Supplied material:
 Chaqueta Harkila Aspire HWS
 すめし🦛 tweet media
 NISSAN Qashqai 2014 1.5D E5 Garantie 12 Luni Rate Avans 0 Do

What to work on:
The lines from the one holding "すめし🦛 tweet media" through the end of the listing above are to be written out exactly, both ends included, and no others.

Answer:
 すめし🦛 tweet media
 NISSAN Qashqai 2014 1.5D E5 Garantie 12 Luni Rate Avans 0 Do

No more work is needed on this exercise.